Data entries>

------

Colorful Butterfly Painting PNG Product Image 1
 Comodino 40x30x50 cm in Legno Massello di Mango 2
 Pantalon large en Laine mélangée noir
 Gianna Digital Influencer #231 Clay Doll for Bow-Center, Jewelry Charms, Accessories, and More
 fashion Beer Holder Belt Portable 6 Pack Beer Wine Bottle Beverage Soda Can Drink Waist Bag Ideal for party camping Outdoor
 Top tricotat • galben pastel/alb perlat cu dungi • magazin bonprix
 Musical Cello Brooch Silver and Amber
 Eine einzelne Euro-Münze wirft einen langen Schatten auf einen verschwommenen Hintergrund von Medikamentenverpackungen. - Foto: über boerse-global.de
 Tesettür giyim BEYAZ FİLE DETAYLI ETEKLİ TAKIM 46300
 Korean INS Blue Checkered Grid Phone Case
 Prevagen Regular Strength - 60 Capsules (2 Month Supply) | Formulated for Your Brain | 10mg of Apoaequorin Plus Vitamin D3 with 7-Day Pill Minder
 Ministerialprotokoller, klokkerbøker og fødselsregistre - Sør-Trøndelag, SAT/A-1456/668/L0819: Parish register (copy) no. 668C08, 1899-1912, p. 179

------

Every entry is to be transcribed exactly as it stands.

Reply to the exercise>
Colorful Butterfly Painting PNG Product Image 1
 Comodino 40x30x50 cm in Legno Massello di Mango 2
 Pantalon large en Laine mélangée noir
 Gianna Digital Influencer #231 Clay Doll for Bow-Center, Jewelry Charms, Accessories, and More
 fashion Beer Holder Belt Portable 6 Pack Beer Wine Bottle Beverage Soda Can Drink Waist Bag Ideal for party camping Outdoor
 Top tricotat • galben pastel/alb perlat cu dungi • magazin bonprix
 Musical Cello Brooch Silver and Amber
 Eine einzelne Euro-Münze wirft einen langen Schatten auf einen verschwommenen Hintergrund von Medikamentenverpackungen. - Foto: über boerse-global.de
 Tesettür giyim BEYAZ FİLE DETAYLI ETEKLİ TAKIM 46300
 Korean INS Blue Checkered Grid Phone Case
 Prevagen Regular Strength - 60 Capsules (2 Month Supply) | Formulated for Your Brain | 10mg of Apoaequorin Plus Vitamin D3 with 7-Day Pill Minder
 Ministerialprotokoller, klokkerbøker og fødselsregistre - Sør-Trøndelag, SAT/A-1456/668/L0819: Parish register (copy) no. 668C08, 1899-1912, p. 179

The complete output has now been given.